Amusing if fitfully irritating memoir of a (sort-of) brilliant career.
Character actor Spinetti recounts his ’60s heyday, during which he frolicked with the Beatles, Elizabeth Taylor, Orson Welles and a host of other swinging celebrities, in anecdotes designed to underscore what a clever and exceptional chap he is. Perhaps this insecure self-promotion is understandable in a talented performer who never achieved the fame of his more celebrated peers. Best known for his role as the sneering television director swaddled in an impossibly fuzzy sweater in A Hard Day’s Night, Spinetti was also a prominent player in the progressive theater of the era, working with such visionaries as Joan Littlewood in plays like Oh! What a Lovely War. He rubbed shoulders with the famous and almost famous: “A man, totally naked, was peeing into the sink. He turned round and, extending his hand, said, ‘Hallo, I’m Sean Connery.’ ” These glimpses of backstage life are great fun, with Richard Burton, John Gielgud, Laurence Olivier and a host of other dramatic titans rendered human and surprising. The portraits are not uniformly flattering. Peter Sellers is depicted as a schizophrenic disaster who coldly cut Spinetti’s scenes from The Return of the Pink Panther, fearful he would siphon laughs from the star. Mostly, though, Spinetti paints the international showbiz scene of the ’60s as a grand adventure full of warm fellowship. This contrasts dramatically with the book’s early sections on a grim childhood in a small Welsh village, dominated by a remote, pleasure-hating father completely mystified by his dreamy, unconventional son.
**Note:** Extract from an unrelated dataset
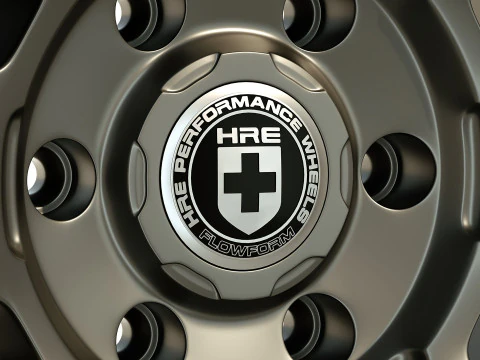 HRE FT1 3D Model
The family’s Italian lineage led their neighbors to shun the Spinettis after the outbreak of World War II, and this experience colors the author’s observations on his theatrical career. He is infuriated by unfairness, fiercely loyal and haunted by the feeling of being an outsider. Fortunately, these are useful qualities in a memoirist.
A slight but enjoyable read for film fans, theater junkies and ’60s nostalgics.